Tracy Van Dyk: Most (all?) of us aren't traveling to China (or anywhere) now for work. How is remote manufacturing going? Do you think it will change the way we approach manufacturing in the future?

You know, I kind of hope it doesn’t change it too much. I worry a lot about American attitudes towards China and am hopeful that the more Americans visit China, the warmer the two countries' relationship will become.

More to your question, I’m a big fan of genchi genbutsu - the idea that if you want to understand your manufacturing process, you should go and see it. And I tend to think that without a real forcing function, most US companies will go right back to sending employees to China once it seems safe to do so.

However: From a climate perspective, this would be a bad thing. In 2019, United Airlines accidentally posted a photo showing that Apple reserves 50 business class seats from SFO to Shanghai every day. At 10,000 km per flight and ~150 g of CO2 emissions per km, that’s around 75,000 metric tons of CO2 per day attributable to those 50 seats. If we assume the social cost of carbon is around $50 per metric ton, that means that the social cost of Apple’s flights to Shanghai is around $3.75M per day. In other words: In addition to what Apple spends on airplane tickets, their flights to and from Shanghai alone cost humanity something like a billion dollars per year.

Note: This is a back-of-the-napkin calculation. It doesn't take into account the ~3.5x CO2 multiple typically attributed to business class seats, or the many other airports that Apple flies to, or the CO2 emissions of driving from the airport to the factory, etc. Discount all of those factors to zero for all I care; I still think that nonessential business travel is a bad deal for humanity.

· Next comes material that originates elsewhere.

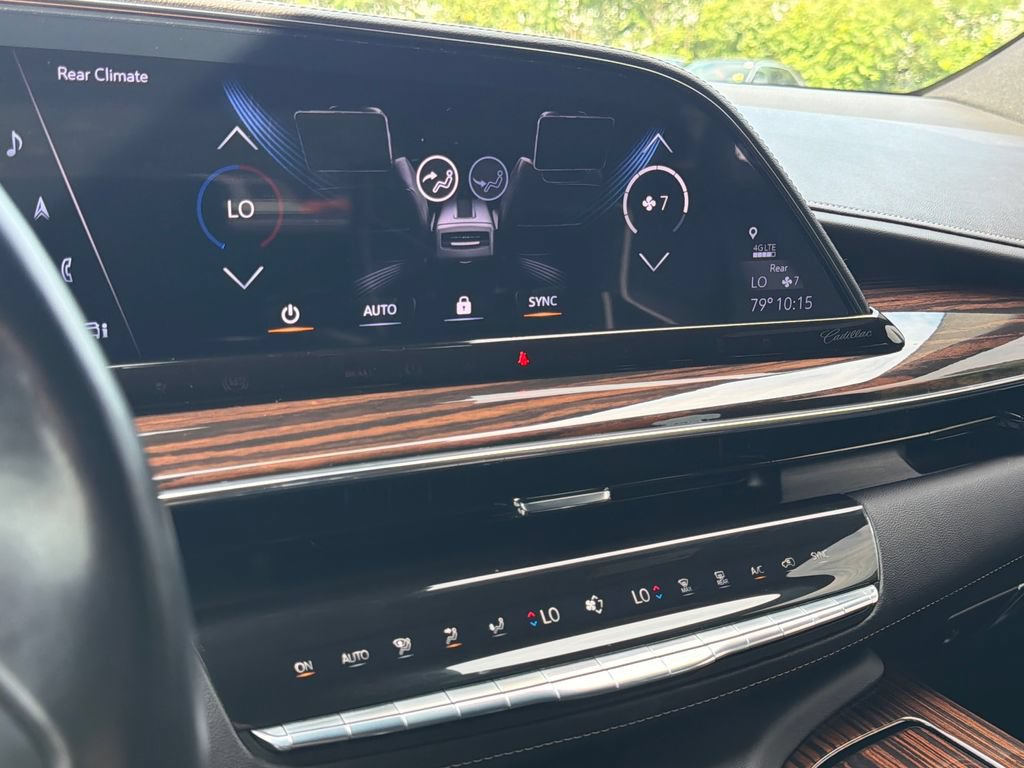 Certified 2023 Cadillac Escalade Premium Luxury AWD/4WD image 10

So, I don’t know what’s going to happen; I assume it’ll be more of the same. For geopolitical reasons I find that hopeful, but for environmental reasons I think it’s really, really bad.

Sophie Bushwick: What are a few links/videos you’ve enjoyed reading/watching most, or top “most clicked upon” links you might reshare?

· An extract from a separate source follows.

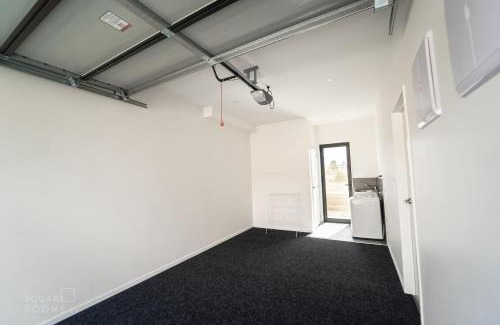 Howick House | Modern Howick Town House Fibre WiFi Netflix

These ones! The list is vastly incomplete but there are a lot of *real* gems there.

Saket Vora: Many other publications focus on the final design or the end user experience of objects or spaces in the physical world. In contrast, The Prepared focuses on the craft of making or building these objects. It’s an appreciation of the tools, techniques, and processes that are used to create the physical world around us, from large skyscrapers to intricate jewelry.
With this core value of The Prepared, what single tool or technique would you desire that every person be proficient in using?

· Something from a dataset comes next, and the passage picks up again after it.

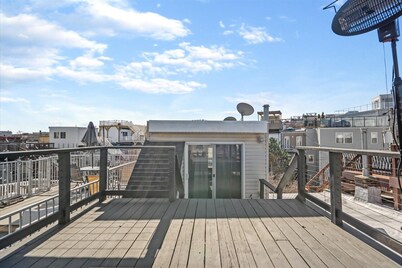 Charming Baltimore Townhome w/ Scenic Views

As someone who utterly failed to specialize in college, I’ve got to start with the rather trite observation that my most valuable skill is critical reasoning. I wrote a ton of argumentative prose in college, and in addition to using to, you know, write this newsletter, I generally think that an understanding of first order logic and the ability to construct longhand arguments is really useful.

Perhaps more practically:

  • Probably the most discreetly valuable skill I learned in college was the ability to navigate a command line using Bash. The extension of this would be Python, which I learned later and now use fairly extensively in The Prepared’s content and business backend. If I was recommending a tool to a mechanically inclined person, I’d recommend Bash and Python without hesitation.
  • If I were talking to a software engineer or a nontechnical person who was looking for a physical tool, I’d probably recommend something related to sharpening (my favorite sharpening tools are here). Pretty much everyone owns at least one knife, and knives work *so* much better when they’re sharp, and a general proficiency with sharpening encourages a broader level of comfort maintaining physical tools. And, it turns out that you use sharp things throughout wood and metal working, and many of the same tools that you use to maintain your kitchen knife can just as easily be used on a chisel or lathe bit.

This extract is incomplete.